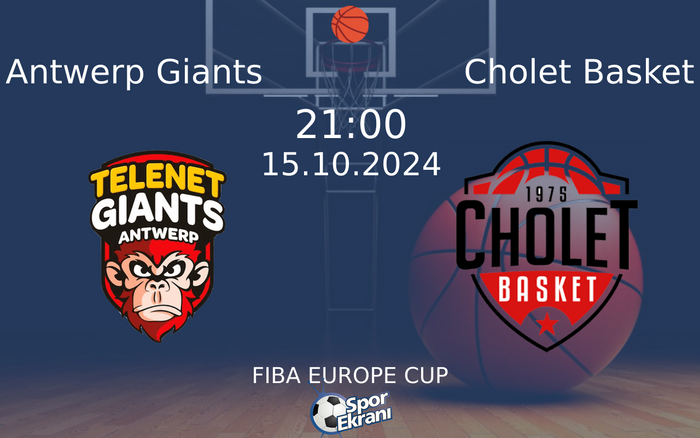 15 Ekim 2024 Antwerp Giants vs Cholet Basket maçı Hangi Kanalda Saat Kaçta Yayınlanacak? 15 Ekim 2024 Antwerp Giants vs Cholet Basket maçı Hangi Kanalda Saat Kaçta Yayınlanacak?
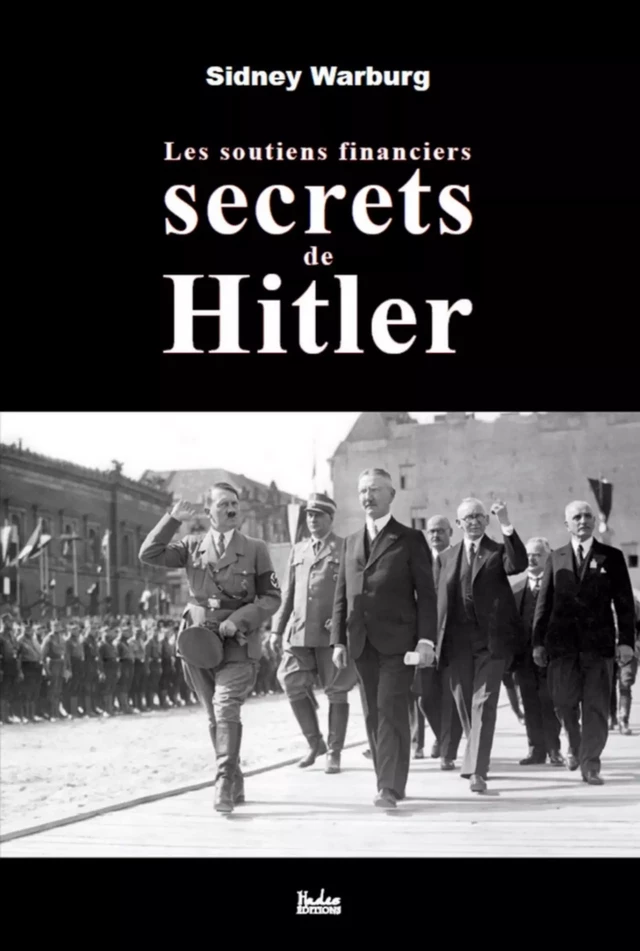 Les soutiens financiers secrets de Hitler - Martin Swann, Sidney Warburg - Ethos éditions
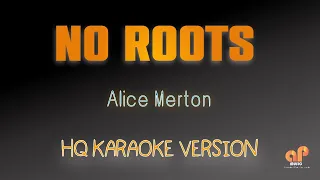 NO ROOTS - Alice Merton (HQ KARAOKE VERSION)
...
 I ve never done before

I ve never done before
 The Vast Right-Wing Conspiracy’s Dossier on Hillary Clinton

▶ About this task
From the records above, extract the lines from the one holding "Kaçta Yayınlanacak? 15" through the one holding "NO ROOTS - Alice Merton (HQ KARAOKE VERSION)", word for word; omit the pictures.

▶ Answer to this task
 15 Ekim 2024 Antwerp Giants vs Cholet Basket maçı Hangi Kanalda Saat Kaçta Yayınlanacak? 15 Ekim 2024 Antwerp Giants vs Cholet Basket maçı Hangi Kanalda Saat Kaçta Yayınlanacak?
 Les soutiens financiers secrets de Hitler - Martin Swann, Sidney Warburg - Ethos éditions
 NO ROOTS - Alice Merton (HQ KARAOKE VERSION)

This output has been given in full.